Moncef Marzouki, lui, aura le plus grand mal à se dédouaner ou à s'en sortir. Son bilan a été, en tout point, négatif.
Son mandat présidentiel a été dévastateur pour son CpR. Il serait fastidieux d'établir ici un constat complet des dégâts causés par les positions de M. Marzouki dans les rangs Cpristes. En vrac, ces dommages comprennent les contradictions, désobéissances, conflits, scissions, démissions et désertions les plus nombreuses et les plus irréparables.
Les «je t'aime, moi non plus»
La moisson diplomatique du locataire du Palais de Carthage ne sera jamais source de fierté. Associé dans cette tâche à «l'inégalable» Rafik Ben Abdessalem, M. Marzouki a tout gâché, tout dilapidé et collectionné une série d'erreurs que l'Histoire ne lui pardonnera pas.
Dans un domaine où doigté, tact et subtilité sont des règles impérieuses, notre duo diplomatique Marzouki-Ben Abdessalem nous a gratifiés d'indescriptibles coups d'éclat, sautes d'humeur, pieds dans le plat et incompétences. Et le reste est de notoriété publique: nos amis, nos véritables amis, proches et lointains, nous évitent, nous tournent le dos et reportent leurs rendez-vous...

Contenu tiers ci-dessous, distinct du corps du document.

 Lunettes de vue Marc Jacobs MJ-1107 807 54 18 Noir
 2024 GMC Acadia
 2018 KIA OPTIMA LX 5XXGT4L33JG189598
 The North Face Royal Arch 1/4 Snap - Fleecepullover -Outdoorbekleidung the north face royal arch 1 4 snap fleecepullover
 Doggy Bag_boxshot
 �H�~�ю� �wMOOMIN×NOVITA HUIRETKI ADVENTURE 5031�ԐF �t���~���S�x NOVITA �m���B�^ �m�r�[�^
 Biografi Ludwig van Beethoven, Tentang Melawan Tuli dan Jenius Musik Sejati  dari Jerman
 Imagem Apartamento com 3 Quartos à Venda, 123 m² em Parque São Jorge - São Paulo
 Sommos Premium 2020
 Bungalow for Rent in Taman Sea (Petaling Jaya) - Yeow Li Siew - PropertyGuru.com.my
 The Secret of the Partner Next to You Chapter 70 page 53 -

Les relations que M. Marzouki a entretenues avec ses partenaires d'Ennahdha ont été, pour le moins, troublantes. Trop de hauts et de bas, des mots aigres et des mots doux et des changements du tout au tout qui pouvaient donner l'illusion que l'appartenance du président du CpR à la Troïka n'était pas un engagement aveugle, un embrigadement inconditionnel ou une obligation absolue.

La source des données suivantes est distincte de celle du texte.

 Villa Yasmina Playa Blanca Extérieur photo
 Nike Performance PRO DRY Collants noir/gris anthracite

M. Marzouki plaidera, par exemple, la cause de «l'islamo-démocratie» auprès des pays frères et amis, certifiera et fera l'apologie de «la modération» des disciples de Rached Ghannouchi. Et, dans le même temps, l'ancien militant des droits de l'Homme se gardera une petite marge de manœuvre pour décocher quelques petites critiques contre l'hégémonisme nahdhaoui et la mauvaise gestion des affaires du pays.
La position des mains dit tout : l'avenir politique de Marzouki n'est plus entre ses mains, mais entre ceux du président d'Ennahdha, Rached Ghannouchi.
Souvenons-nous, par exemple, de sa grande colère le jour où l'ex-Premier ministre libyen, Baghdadi Mahmoudi, a été extradé à son insu, de son discours lors du congrès du CpR et ses remarques «désobligeantes» qui ont contraint les dirigeants d'Ennahdha à quitter la salle...
Tous ces «je t'aime, moi non plus» de M. Marzouki étaient autant de positionnements d'un homme qui réalise (puis oublie) qu'il a été piégé par Rached Ghannouchi en choisissant d'être membre de la Troïka.
Toutes ces hésitations, qui n'en finissaient pas, n'étaient que vaines tentatives de garder intact son CV droit-de-l'hommiste et de préserver «l'identité» du CpR.
Tous ces atermoiements, qui donnaient le vertige, n'étaient que des opérations de communication mal inspirées d'une «petite pointure» qui, du jour au lendemain, a été projetée sur le devant de la scène nationale et internationale.
Bref, l'histoire de Moncef Marzouki reste cette mésaventure d'un papillon qui, pour avoir volé trop près du soleil, a brûlé ses ailes. Aujourd'hui, tombé sur terre, réalisant qu'il a trop misé sur le cheval nahdhaoui et qu'il ne peut plus faire machine arrière, il s'en prend à l'opposition et aux journalistes tunisiens.
M. Marzouki, vous avez joué un jeu dangereux et vous avez tout perdu. L'opposition n'y est pour rien. Vous êtes la cause de votre propre banqueroute. Les médias n'y sont pour rien. Ils ont fait leur travail et continueront de dénoncer toutes les formes d'arrivisme et d'opportunisme.
Bonté divine, assumez les conséquences de vos choix, M. le Président de la république provisoire!